Reproduce the records below exactly, leaving their images out.

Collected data
BEGIN

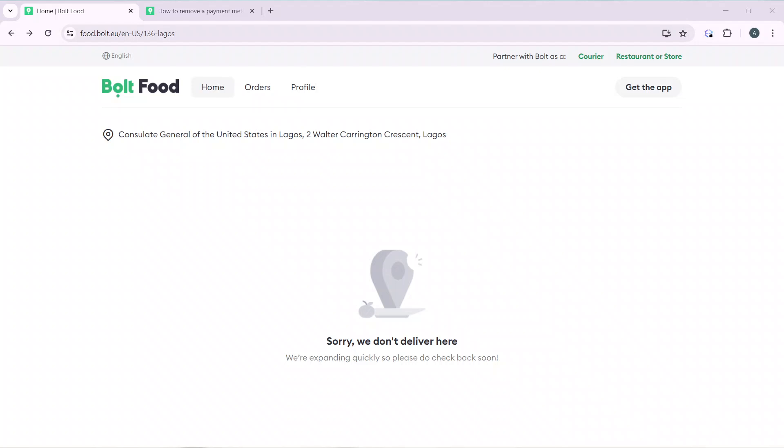Hello, in this tutorial I'll show you how to remove a credit card on Bolt Food. The first thing I'd like you to do is launch the Bolt Food application, which of course I have done right here.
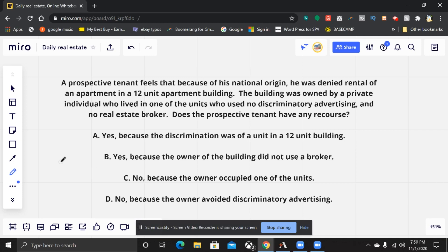Here's what it says: a prospective tenant feels that because of his national origin he was denied the rental of an apartment in a 12-unit apartment building. The building was owned by a private individual who lived in one of the units, who used no discriminatory advertising and no real estate broker. Does the prospective tenant have any recourse? A) Yes, because the discrimination was of a unit in a 12-unit building. B) Yes, because the owner did not use a broker. C) No, because the owner occupied one of the units. D) No, because the owner avoided discriminatory advertising.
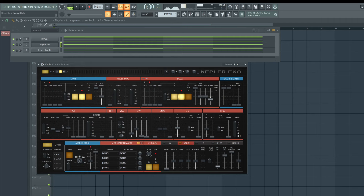If you want to learn more about FL Studio, I have a free course at BusyWorksBeats.com/premium. Check out FL Studio 21 for Beginners. At the end of the year we do a deal called the Black Box Bundle — all of my courses, 68 plus music production courses, six plugins, and all our sound packs in one package. That was all I wanted to show you: the power of Kepler XO. Subscribe if you're new — peace.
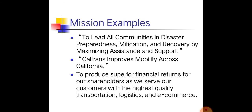A mission example: 'To lead all communities in disaster preparedness, mitigations, and recovery by maximizing assistance and support.' A mission like this is very inspiring — it gives you the drive to work hard because of that particular mission.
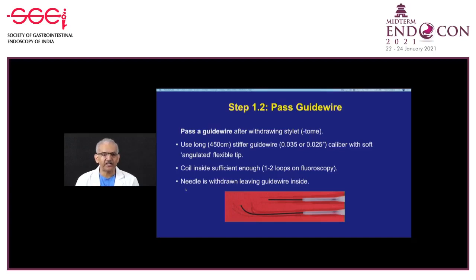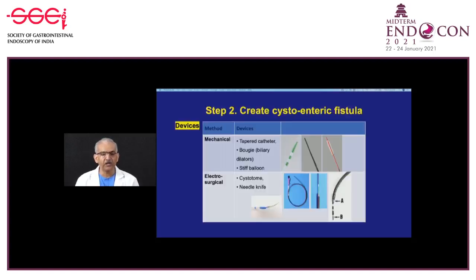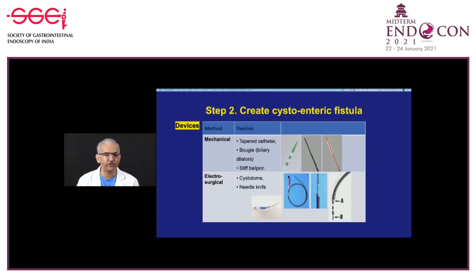Once the guide wire is well inside, withdraw the needle leaving the guide wire in place. This movement must be coordinated with the technician so the wire is not accidentally pulled out. The next step is creating a cystoenteric fistula, done either by mechanical dilation—using a tapered catheter, bougie, or stiff balloon over the wire—or by electrosurgical devices like a 6 French cystotome.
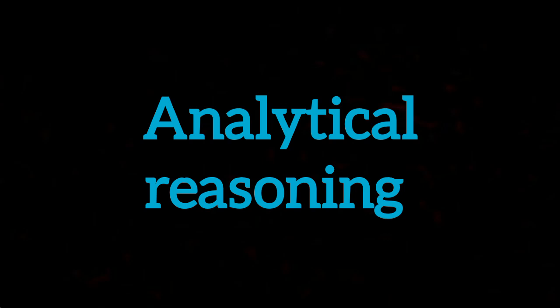If we talk about analytical reasoning, in the test there were paragraphs with questions. Besides that, there were other questions which came from set theory. There were questions about Venn diagrams. If you search set math in Google and solve it, you can handle these questions.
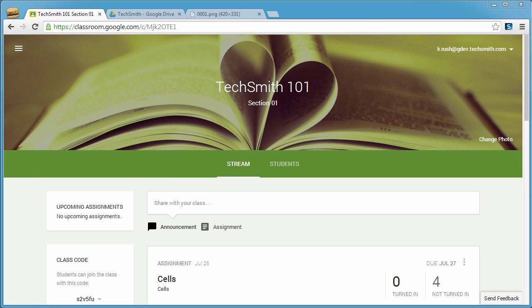Hello everyone, thanks for tuning in. My name is Kelly Rush and I'm the product owner for TechSmith Snagit for Google Chrome.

END

ANSWER SECTION
Hello, in this tutorial I'll show you how to remove a credit card on Bolt Food. The first thing I'd like you to do is launch the Bolt Food application, which of course I have done right here.
Here's what it says: a prospective tenant feels that because of his national origin he was denied the rental of an apartment in a 12-unit apartment building. The building was owned by a private individual who lived in one of the units, who used no discriminatory advertising and no real estate broker. Does the prospective tenant have any recourse? A) Yes, because the discrimination was of a unit in a 12-unit building. B) Yes, because the owner did not use a broker. C) No, because the owner occupied one of the units. D) No, because the owner avoided discriminatory advertising.
If you want to learn more about FL Studio, I have a free course at BusyWorksBeats.com/premium. Check out FL Studio 21 for Beginners. At the end of the year we do a deal called the Black Box Bundle — all of my courses, 68 plus music production courses, six plugins, and all our sound packs in one package. That was all I wanted to show you: the power of Kepler XO. Subscribe if you're new — peace.
A mission example: 'To lead all communities in disaster preparedness, mitigations, and recovery by maximizing assistance and support.' A mission like this is very inspiring — it gives you the drive to work hard because of that particular mission.
Once the guide wire is well inside, withdraw the needle leaving the guide wire in place. This movement must be coordinated with the technician so the wire is not accidentally pulled out. The next step is creating a cystoenteric fistula, done either by mechanical dilation—using a tapered catheter, bougie, or stiff balloon over the wire—or by electrosurgical devices like a 6 French cystotome.
If we talk about analytical reasoning, in the test there were paragraphs with questions. Besides that, there were other questions which came from set theory. There were questions about Venn diagrams. If you search set math in Google and solve it, you can handle these questions.
Hello everyone, thanks for tuning in. My name is Kelly Rush and I'm the product owner for TechSmith Snagit for Google Chrome.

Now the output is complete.